EXERCISE INSTRUCTIONS
Set down, exactly as written, the lines from the line holding "Green Uranium Glass Divided Serving Dish" to the end of the data, inclusive, skipping any pictures.

Records excerpted from a collection
• • •
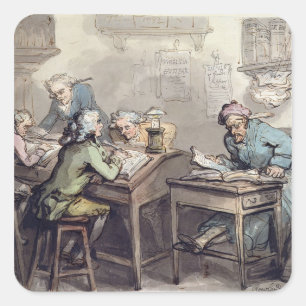 Sticker Carré A Merchant's Office, 1789 (stylo et encre et avec 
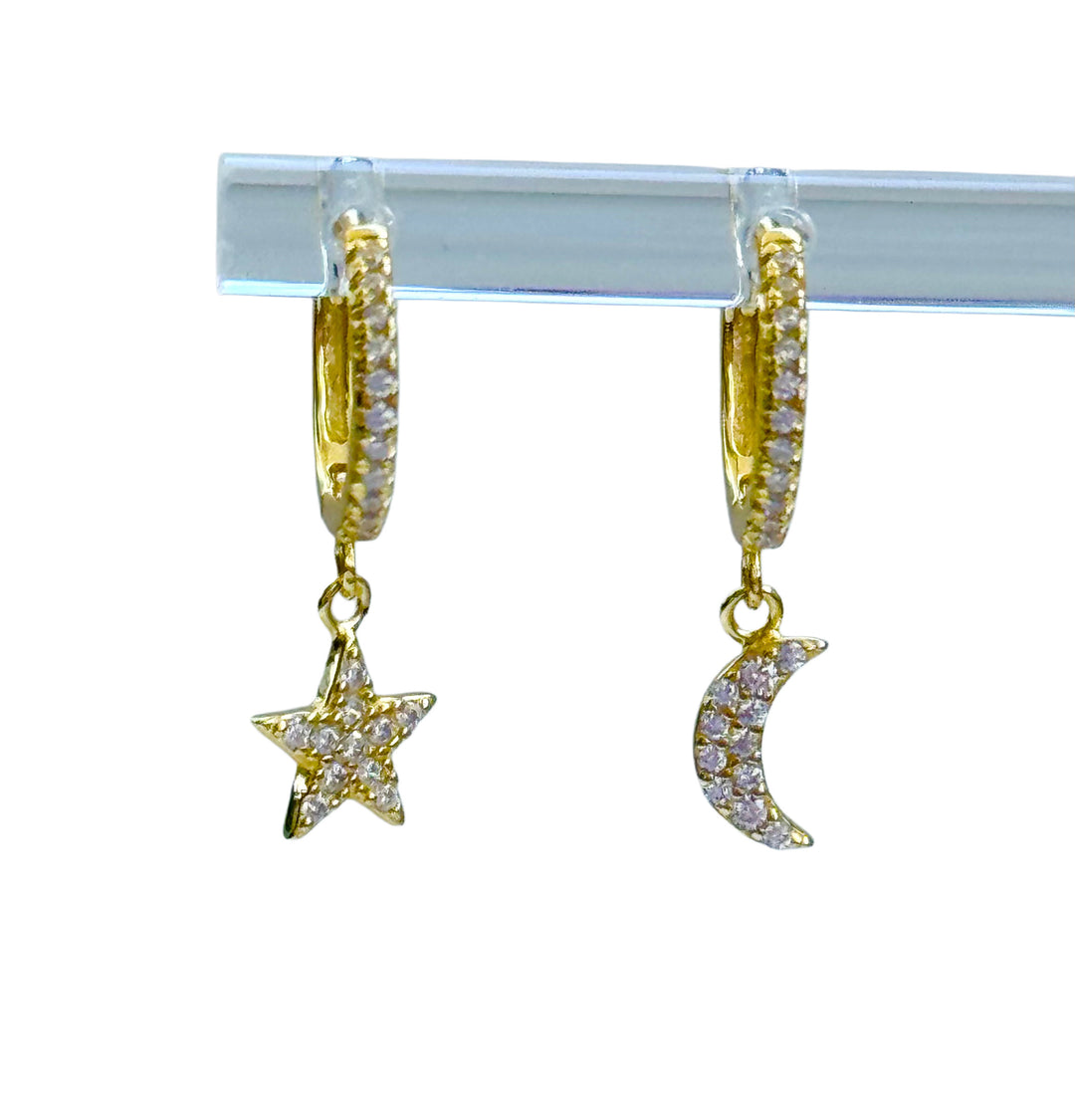 Sterling Silver 14 Karat gold plated Star Moon Huggie Hoop Earrings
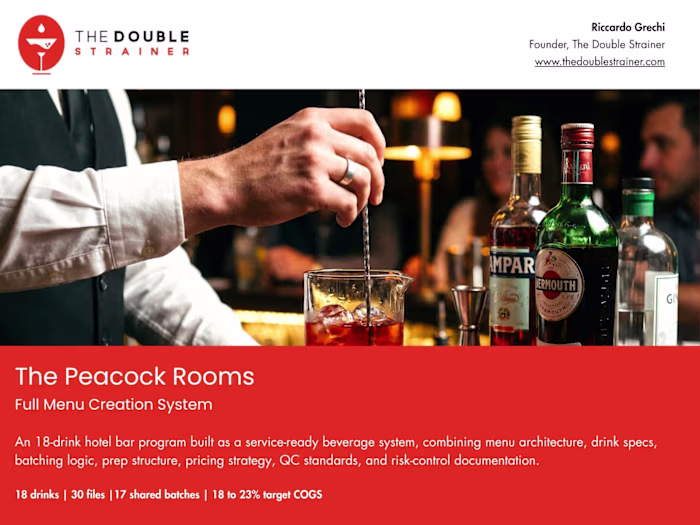 Hotel Bar Menu Creation for Peacock Rooms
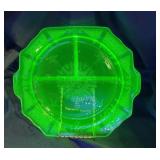 Green Uranium Glass Divided Serving Dish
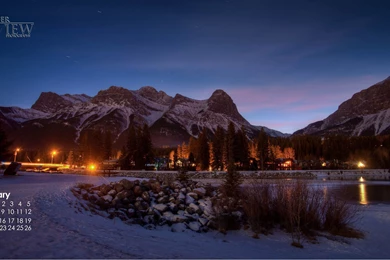 Wallpaper: Winter HDR Of Alberta Rocky Mountains At Night ::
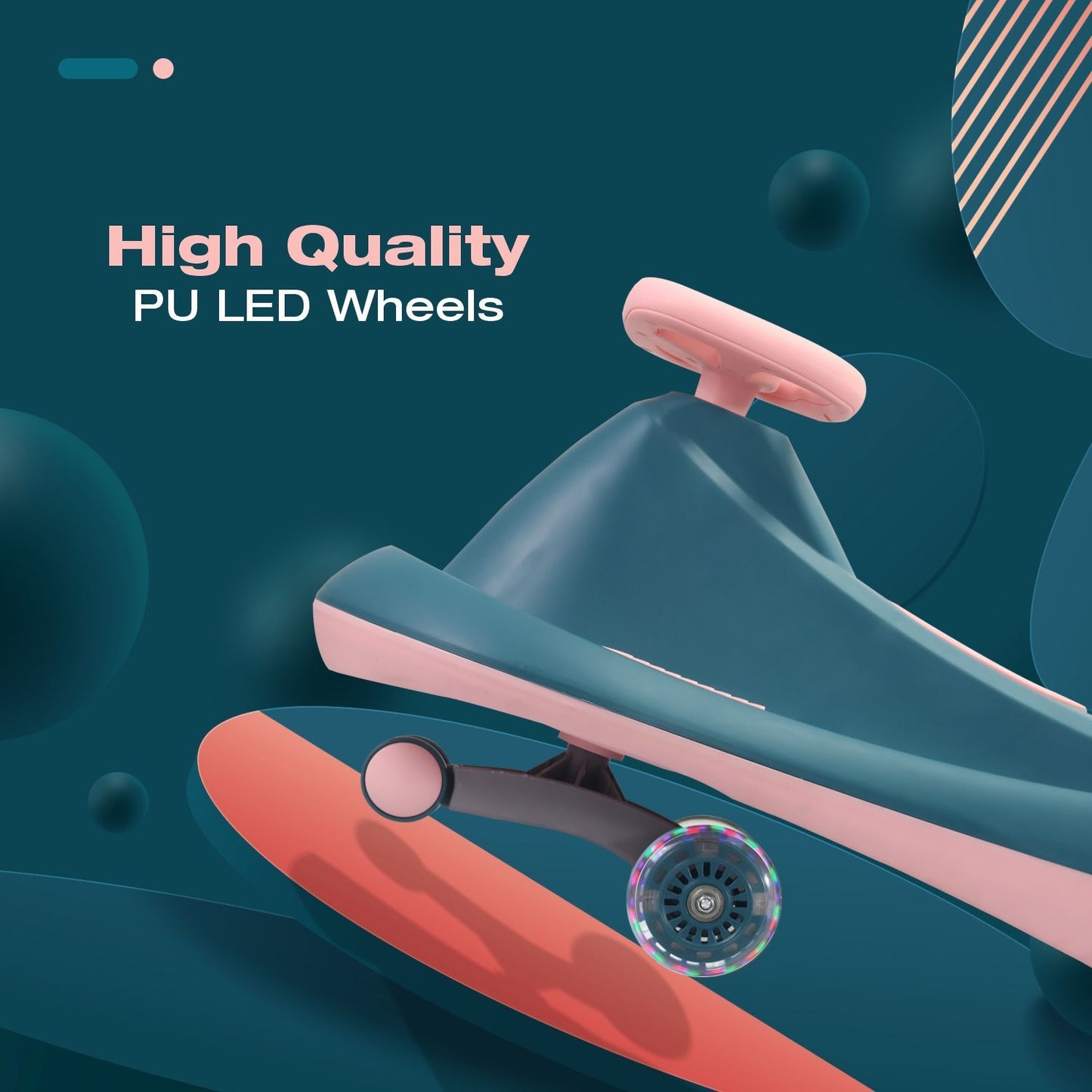R for Rabbit Iya Iya Drift Swing Car - Inbuilt Music, Scratch Free PU Led Wheels, Up To 125 Kgs Capacity Green Pink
• • •
TASK OUTPUT
 Green Uranium Glass Divided Serving Dish
 Wallpaper: Winter HDR Of Alberta Rocky Mountains At Night ::
R for Rabbit Iya Iya Drift Swing Car - Inbuilt Music, Scratch Free PU Led Wheels, Up To 125 Kgs Capacity Green Pink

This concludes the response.